I have a Digitrax DCS 51 and am driving Hornby Locos with Hornby decoders. I have had no problems once the bus wiring and turnout wiring was finally completed but just lately several of my locos are stopping and/or running with hesitations with the throttle set. The locos will either start moving again by themselves or with a slight bump to the throttle. These problems seem to occur randomly and are not occurring at turnouts. I noticed that TCS is offering decoders designed to hold up through DCC outages but I'm not really sure what's going on and not ready to pony up for new decoders and the inevitable issues of reinstalling them in my locos.
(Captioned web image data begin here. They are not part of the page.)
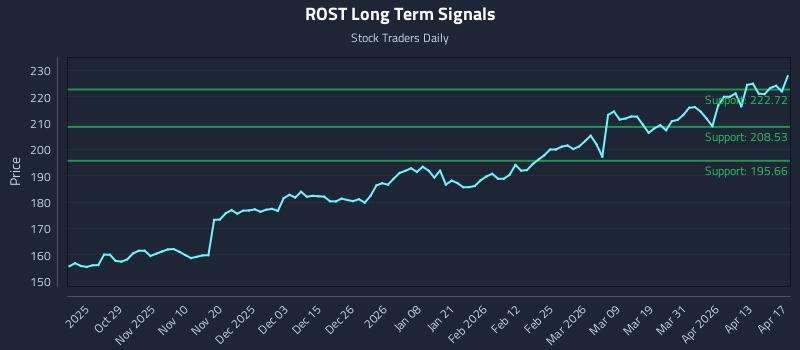 ROST Long Term Analysis for April 19 2026 ROST Long Term Analysis for April 19 2026
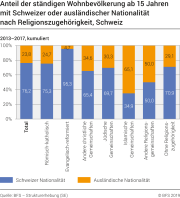 Anteil der ständigen Wohnbevölkerung ab 15 Jahren mit Schweizer oder ausländischer Nationalität nach Religionszugehörigkeit, Schweiz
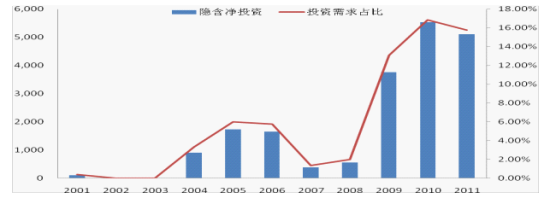 图 14：全球白银隐含净投资快速增加 数据来源：世界白银协会，中信建投期货整理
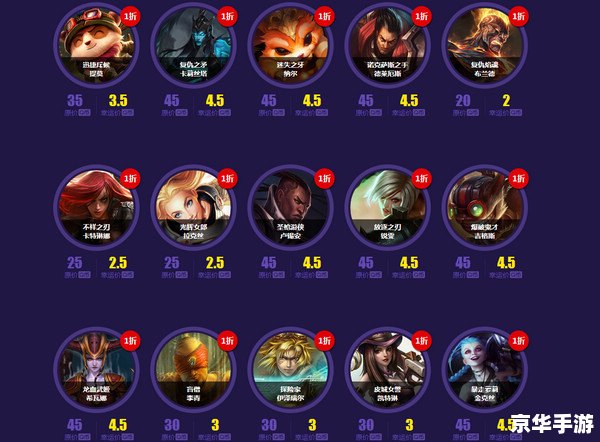 LOL最新抽奖活动火热来袭，限定皮肤、珍稀道具等你来赢！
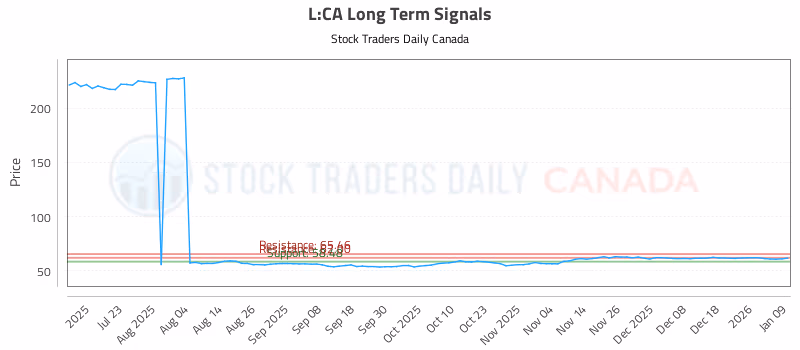 Stock Chart for L:CA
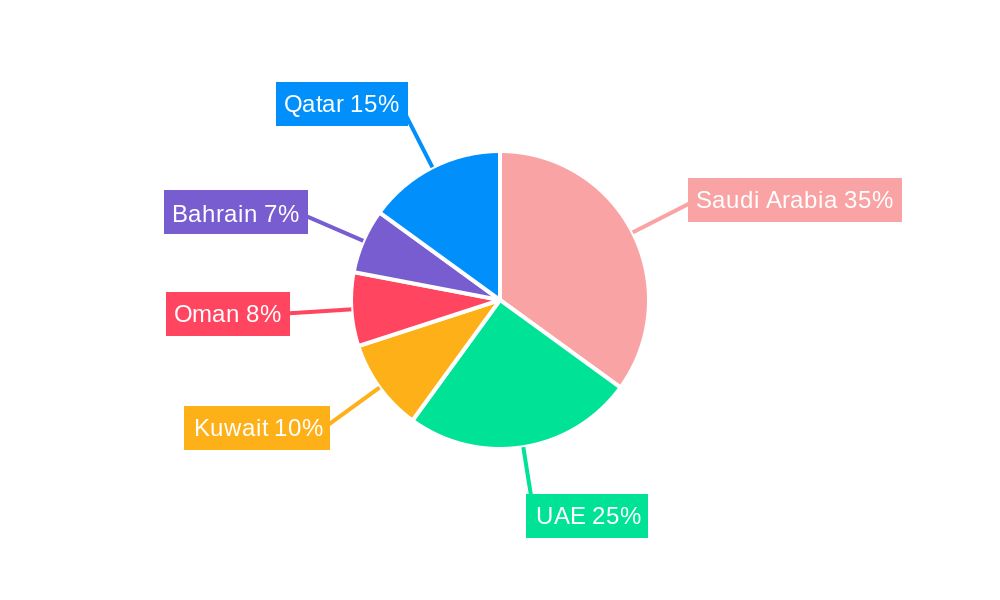 GCC Hair Styling Products Market Regional Share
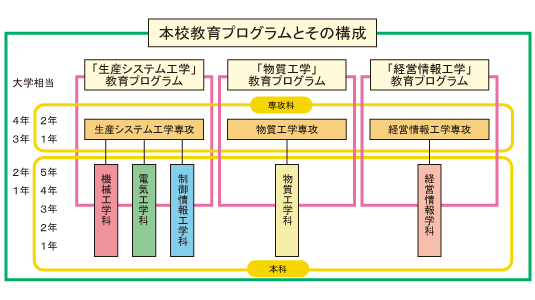 educational_program2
Any thoughts or solutions greatly appreciated...


----------



## Brakeman Jake (Mar 8, 2009)

Do you "dispatch" your locos once you're finished running them?Removing them from the track without erasing it from the DCS51's memory isn't enough and may cause conflicts on future uses.Stored datas may interfere with your throttle inputs.

I'm not saying it is your problem but may well be.Your DCS51 instruction booklets has the instructions on how to dispatch locos and also on how to erase your command station's memory so you can restart "clean".


----------



## NIMT (Jan 6, 2011)

Sound to me like you need to do a compleate track and engine cleaning.
I think you might be just randomly loseing power to the engines and they are resetting their run.


----------



## wc3026 (Aug 20, 2012)

I have that same problem my tracks are clean and so are wheels. sometimes it wont do it for a few hours sometimes it happens every time it comes around the loop.


----------



## Brakeman Jake (Mar 8, 2009)

Model railroad gremlins???I've had a similar problem with a brand new Kato a little while ago.Ran great a little while with a Tsunami then started acting up...cleaned tracks a few times,removed decoder to run draw tests again,got Tsunami checked,nothing showing.Runs great since with a TCS decoder but is allergic to Tsunami...gremlins...that must be it......


----------



## wc3026 (Aug 20, 2012)

Thats gotta be it Jake LOL


----------



## Jake01 (Jan 24, 2012)

I have been leaving them on the track as I am still in the process of making sure my locos all operate OK. Today the two I have been having porblems with all seem to run fine arghhh.


----------



## Jake01 (Jan 24, 2012)

I have been using a cleaning block for the track and it didn't seem to help but as I noted to brakeman Jake today everything is normal...so far! Any other suggestions for track/wheel cleaning?


----------